With no COVID-19 cases associated with Cincinnati restaurants, the owners are asking guests to come back and mask themselves

CINCINNATI – Amid Cincinnati’s Masking Ordinance and a recent state masking obligation, some of the city’s best chefs and restaurant owners are working on a new recipe to make dinner safe – and asking for patrons for help.

And for Jose Salazar, owner of Mita’s and Goose And Elder, the next few weeks will be “a make-or-break point”.

“We’re starting to consider at least a temporary closure if things don’t get better soon, I mean immediately,” he said.

Despite a surge in cases in the area, Mayor John Cranley said Friday that no COVID-19 cases have been traced back to Cincinnati restaurants.

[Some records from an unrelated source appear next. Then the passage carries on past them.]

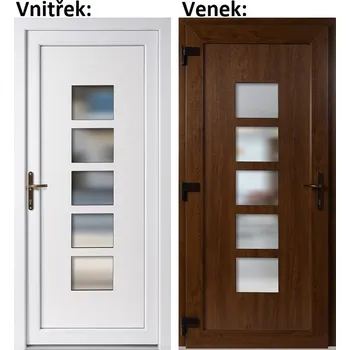 Vchodové dveře Plastové vchodové dveře Soft Lucy, Zlatý dub/bílá, 100x210 cm, levé, otevírání VEN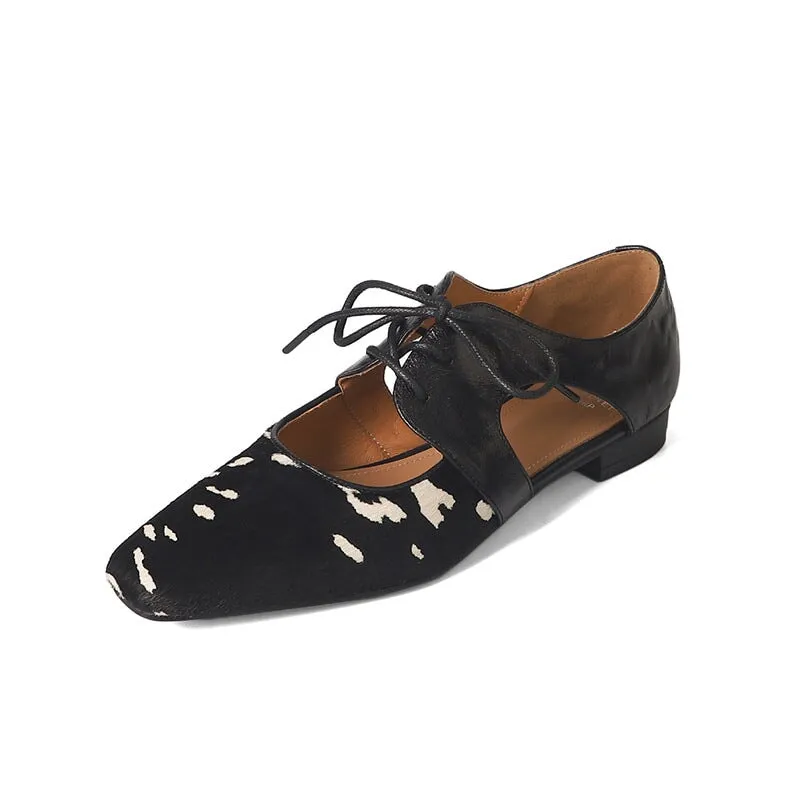 Soft Leather Lace Up Mary Jane Flats Oxfords Handmade in Black/Brown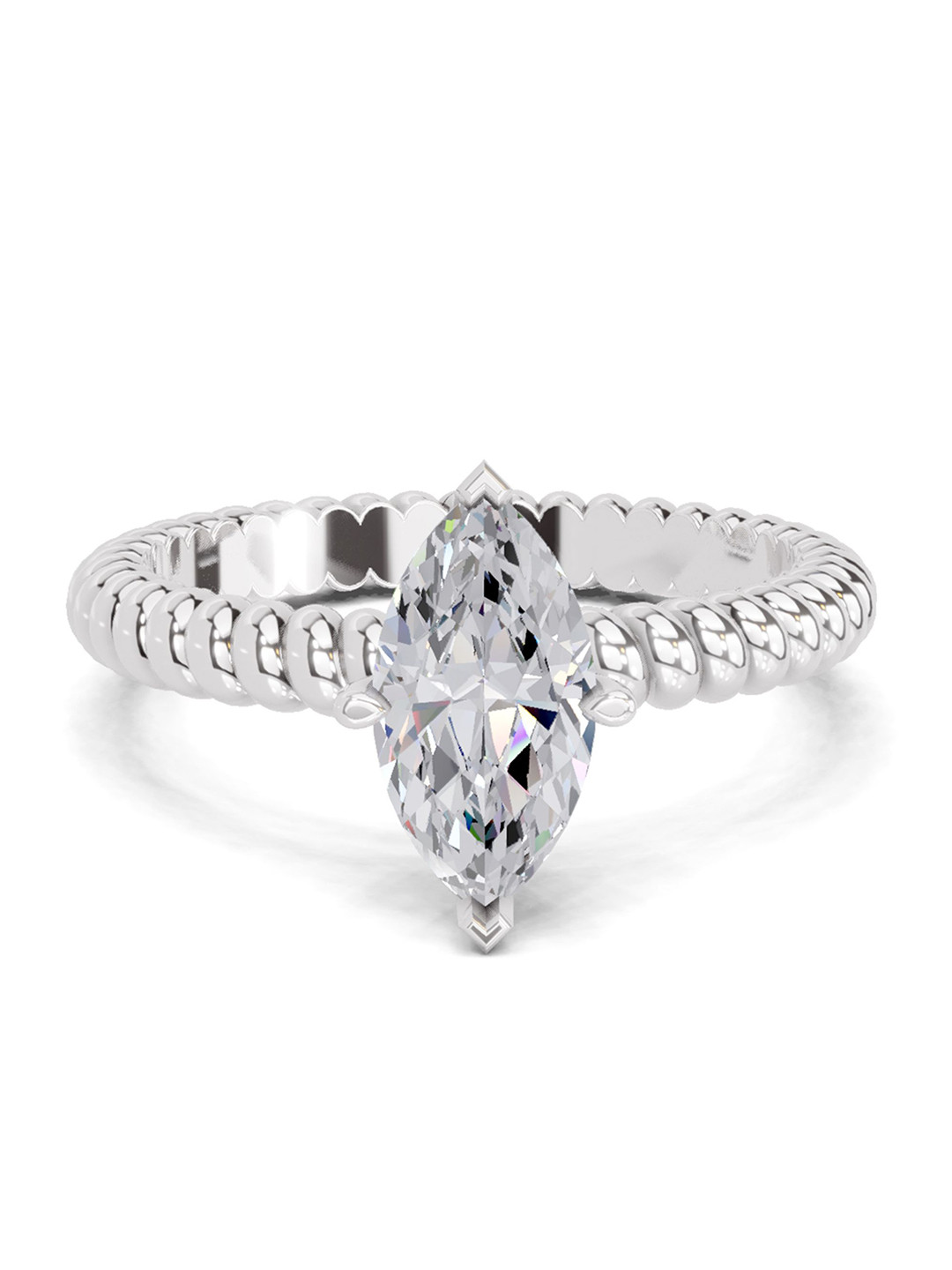 Sparkles Women 14K White Gold Lab Grown Diamond 1.25 Carat Marquise Shape Diamond Ring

“If you go to a restaurant that is not three feet apart or employees don’t wear masks, you should stop going and tell us about it,” Cranley said at a news conference Friday. “We will take care of it.”

Paramedics from the Cincinnati Department of Health were recently hired to enforce the regulation requiring businesses and individuals to wear masks in public. Health Commissioner Melba Moore told WCPO that paramedics are now checking companies for compliance, but not citing individuals.

Moore said the health department was still working on a protocol for it as it usually focuses on companies violating health orders. Punishing people isn’t the goal, Moore said.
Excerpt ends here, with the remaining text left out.